Secure Texas' Electrical Grid Now

Co Author: Trayce Bradford

Once again, the state of Texas is showing leadership by taking action to wisely protect the Texas electric grid from the damaging effects of a manmade or natural electromagnetic pulse (EMP) that could blackout the entire state for months, with catastrophic consequences.  EMP sounds like science fiction, but it is confirmed as a real and present danger by federal agencies, including NASA, and EMPs have occurred numerous time times already in the not-so-distant past.  The Texas legislature is moving potential legislative solutions, and members of the Executive Branch have met with experts to determine the best course of action to protect the grid. 

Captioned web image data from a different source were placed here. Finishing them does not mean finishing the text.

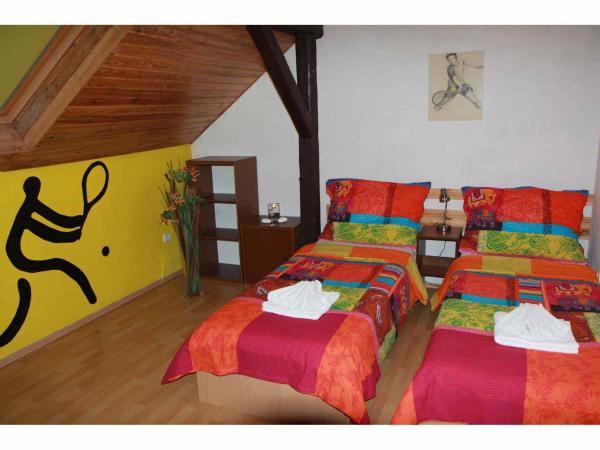 Bed & Breakfast Penzion Brno : photo 2 de la chambre chambre double ou lits jumeaux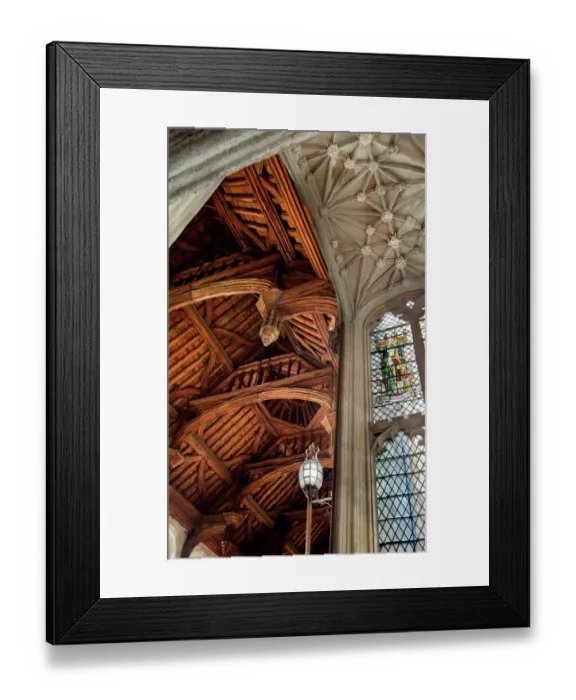 Framed Print : Great Hall, Eltham Palace N100727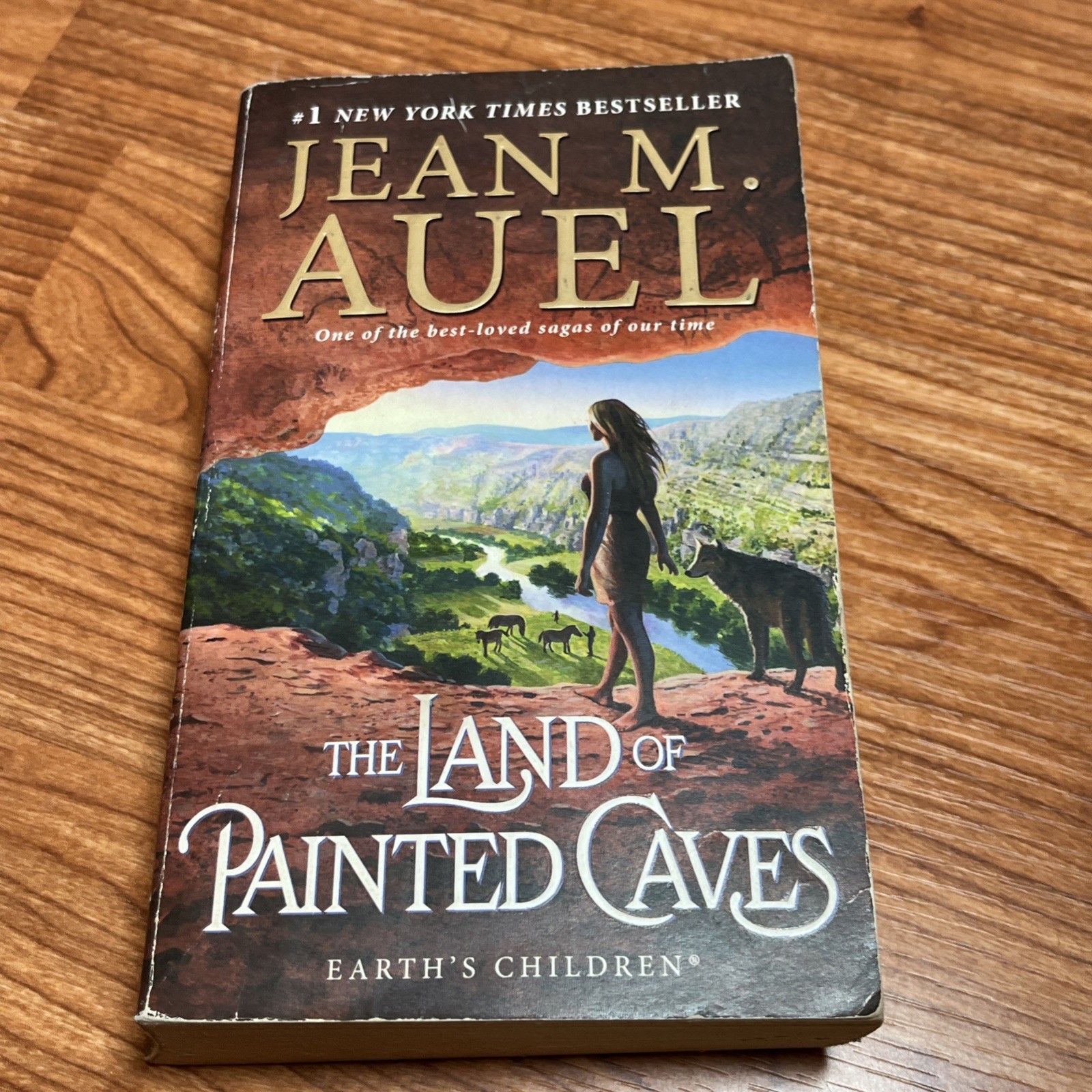 JEAN M AUEL 6 book SET in the EARTH&rsquo;S CHILDREN series PaperBack 1-6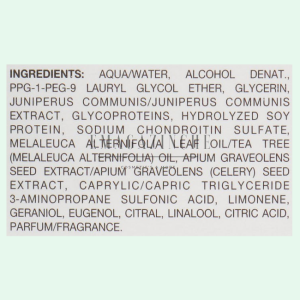 Lisap Keraplant Nature Sebum-Regulating Lotion 150 ml.
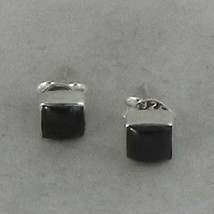 925 Sterling Silver Black Onyx Handmade Earrings Xmas Gift Women ES-1103 - £18.26 GBP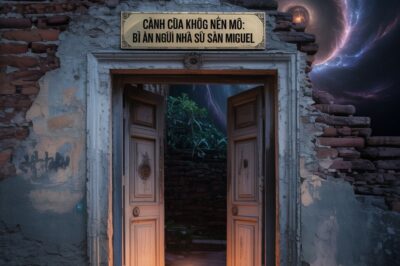 💀 “La puerta que nunca debió abrirse: El misterio de la casa número 13 en San Miguel” 🕯️🌌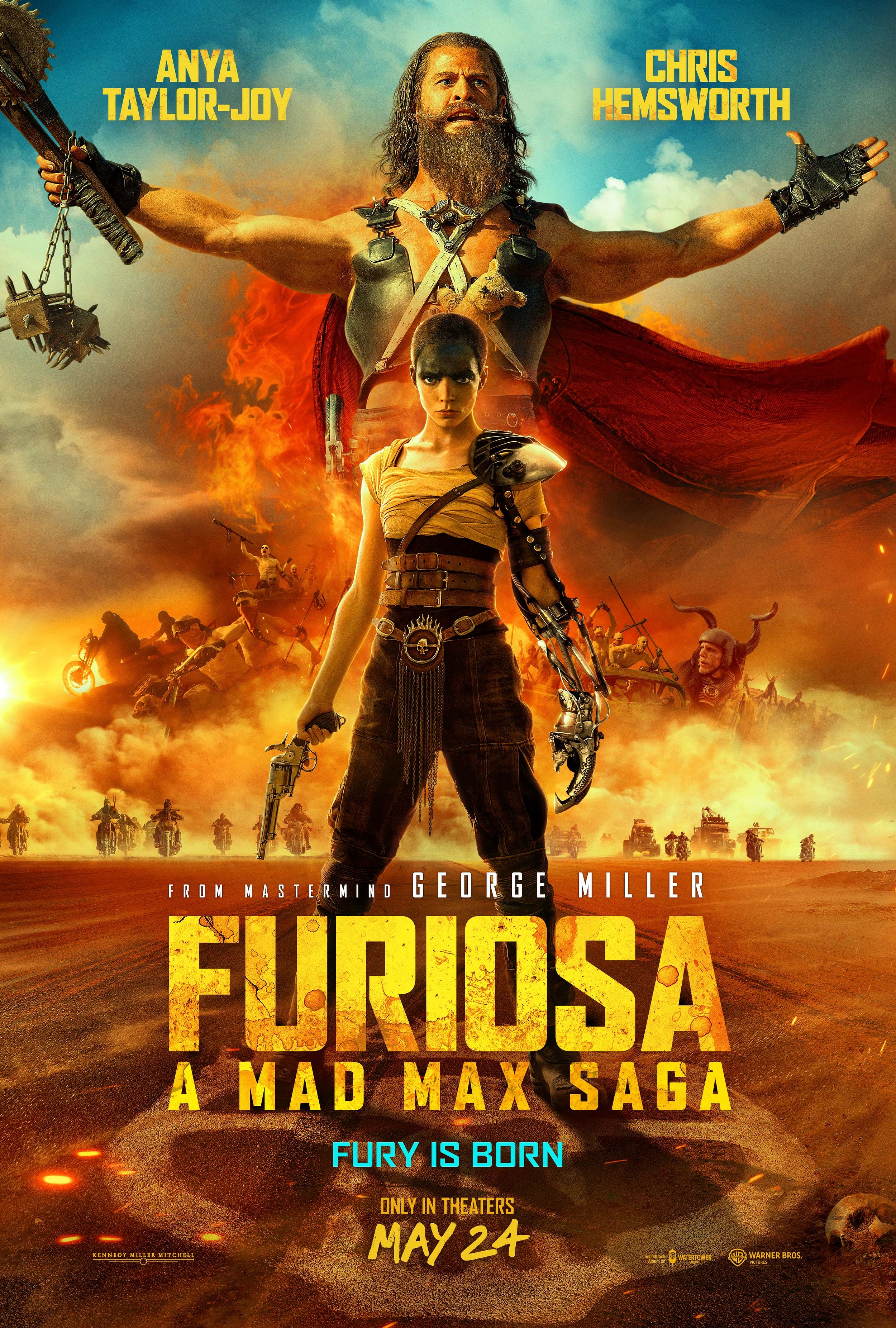 5/24 Furiosa: A Mad Max Saga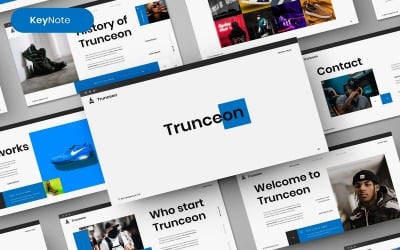 Trunceon — Шаблон бизнес-презентации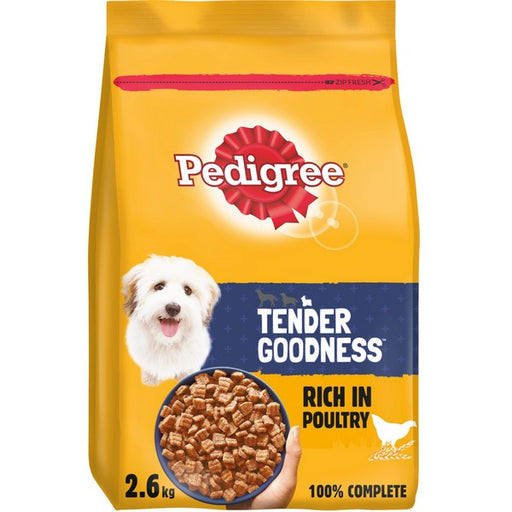 Pedigree Small Dog 2.6kg Poultry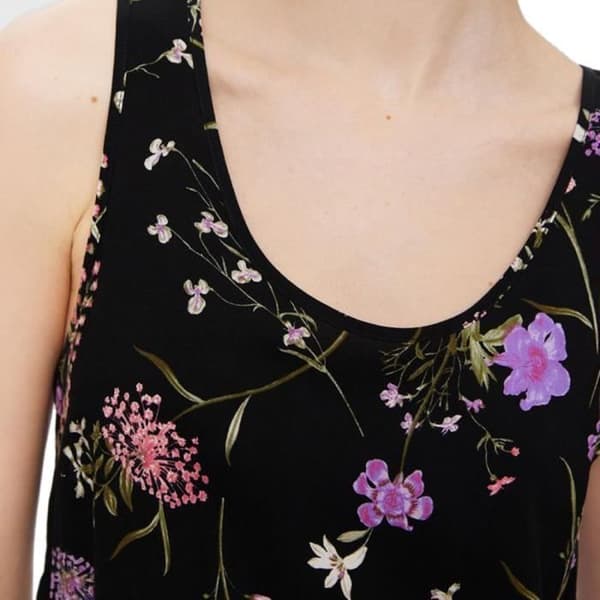 Svart Mönstrad Jumpsuit Dam Vero Moda Playsuit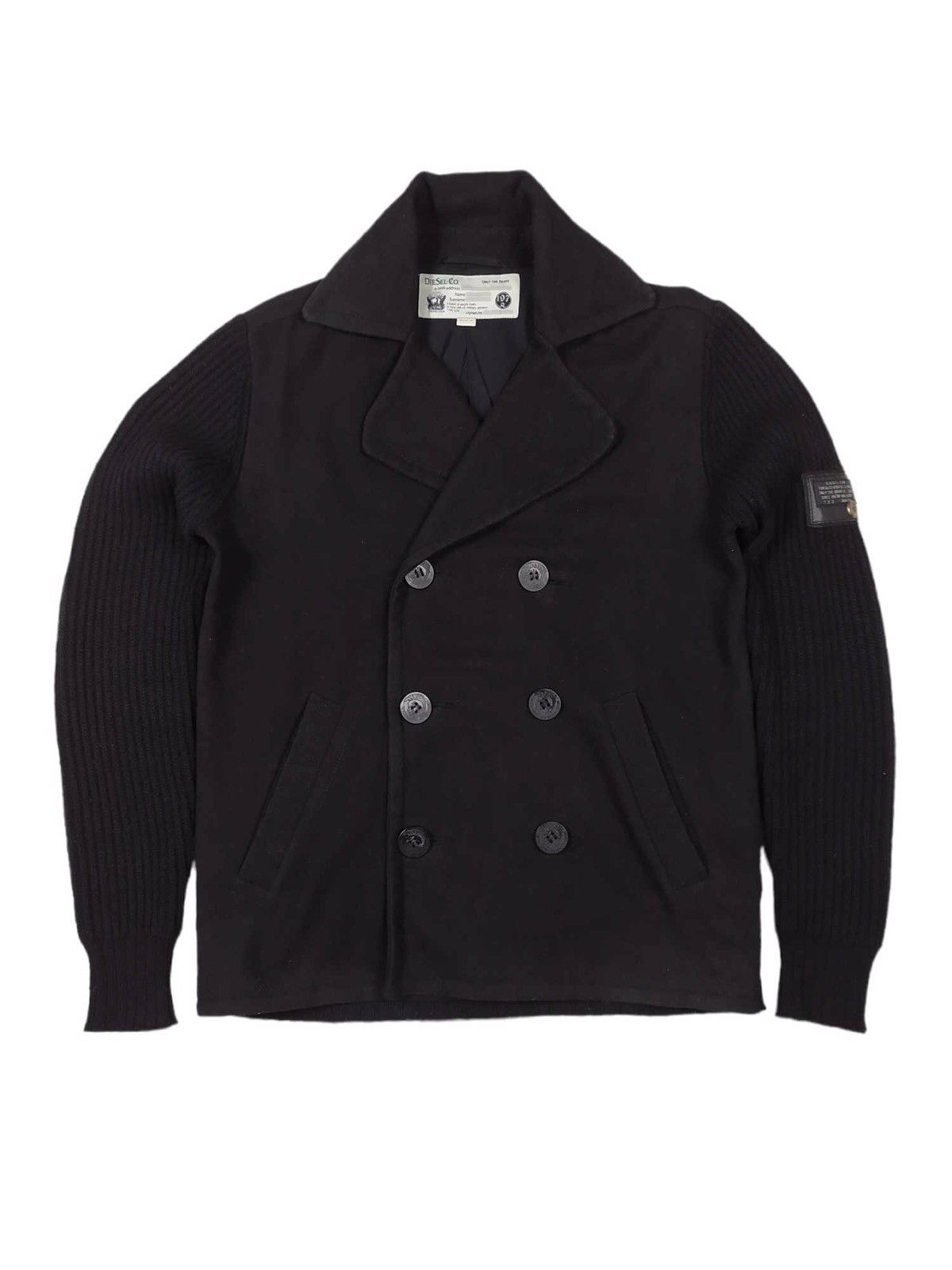 Diesel popular Only The Brave Pea Coat Small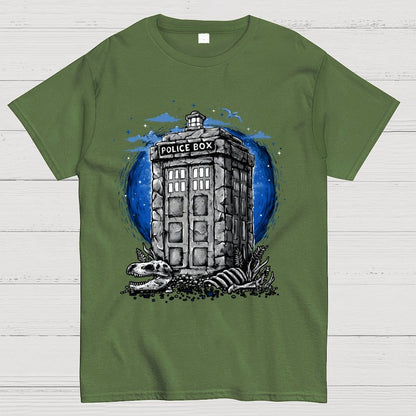 Stone Of Time Geek T-Shirt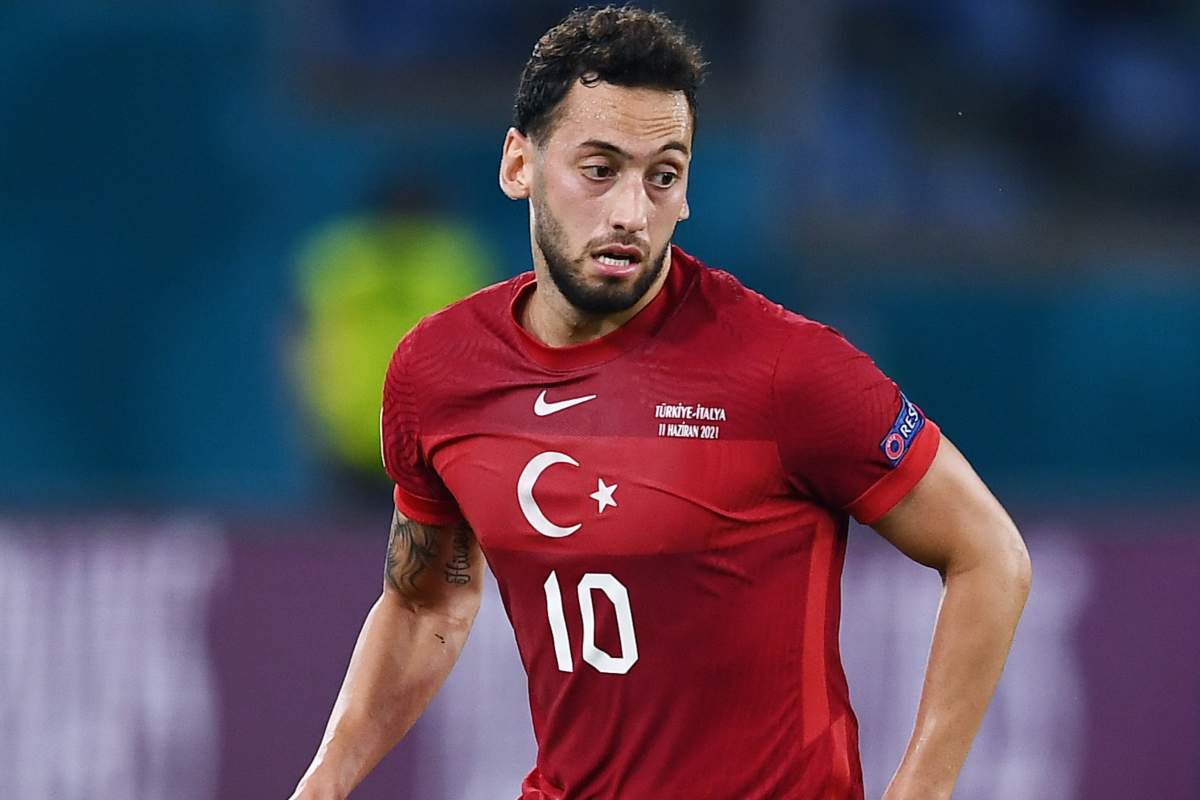 Calhanoglu addio Inter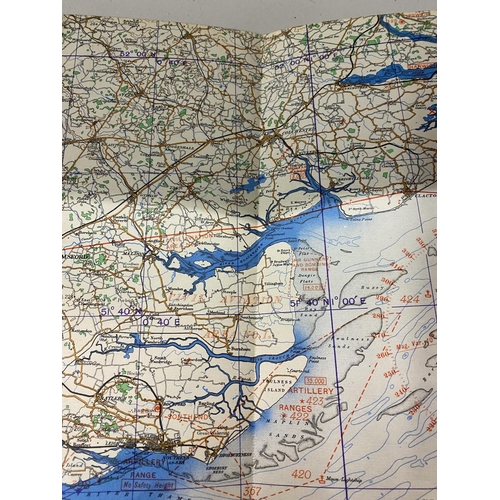 14 - RAF England / Eastern Counties Map c1938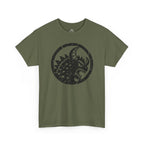 Kaiju Distressed Circle T-Shirt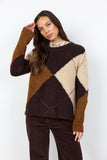 Soyaconcept - Trui - Bruin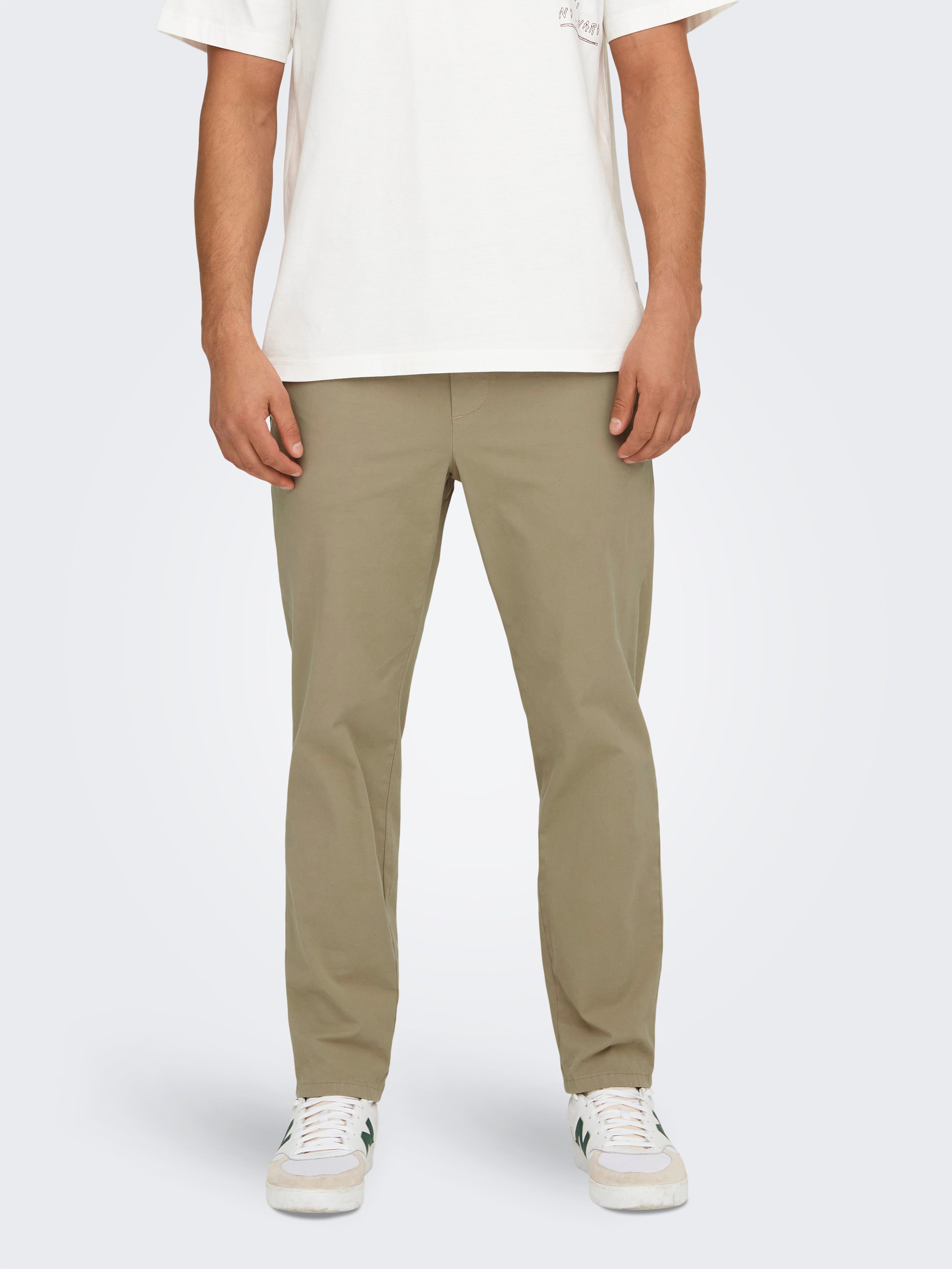 ONLY & SONS Chinohose ONSLINUS TAPER 0183 PANT NOOS günstig online kaufen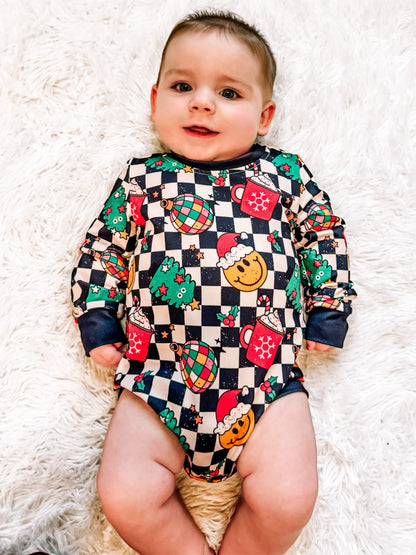 Retro ornament long sleeve leo - Get it from Bo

An EMP is like a super-energetic radio wave, so powerful that it can damage and destroy electronic systems everywhere within the EMP field. 

Mother Nature can make an EMP event dangerous to Texas.  Solar flares generated geomagnetic super-storms in 1859 and 1921 that, if they recurred today, would cause a protracted nationwide or even global blackout of the electric grid and other life-sustaining critical infrastructures–including communications, transportation, business and finance, food and water–potentially for months or years.

NASA estimates the likelihood that the Earth will encounter a catastrophic geo-storm is 12 percent per decade.  This virtually guarantees that Texas will see a natural EMP catastrophe within our lifetimes or that of our children–unless the grid is protected.     

The EMP Commission warned that a nuclear weapon detonated at high-altitude, 300 kilometers above the center of the U.S. (so high that there would be no blast, fallout, or other nuclear effects  on the ground) would generate an EMP field over the entire United States.   The Congressional EMP Commission estimated that a nationwide blackout lasting one year could kill up to 90 percent of Americans by starvation and societal collapse.

North Korea and Iran may have practiced nuclear EMP attacks against the U.S. by orbiting satellites on a south polar trajectory so they overfly the U.S. coming from the south, and would first pass over states bordering on the Gulf of Mexico.  Currently, the U.S. has no ballistic missile early warning radars or missile interceptors facing south. 

But even if we could intercept a nuclear weapon disguised as a satellite coming from the south, it could salvage-fuse, triggering the EMP attack when intercepted.  The Gulf states, including Texas, would be closest to the EMP field, and most at risk.

Iran and North Korea may have also practiced making a nuclear EMP attack by launching a short-range missile off a freighter.  Iranian freighters regularly visit their allies in Cuba and Venezuela.  In July 2013, a North Korean freighter actually transited the Gulf of Mexico with two unarmed, but nuclear capable, SA-2 missiles mounted on their launchers, hidden in the hold. 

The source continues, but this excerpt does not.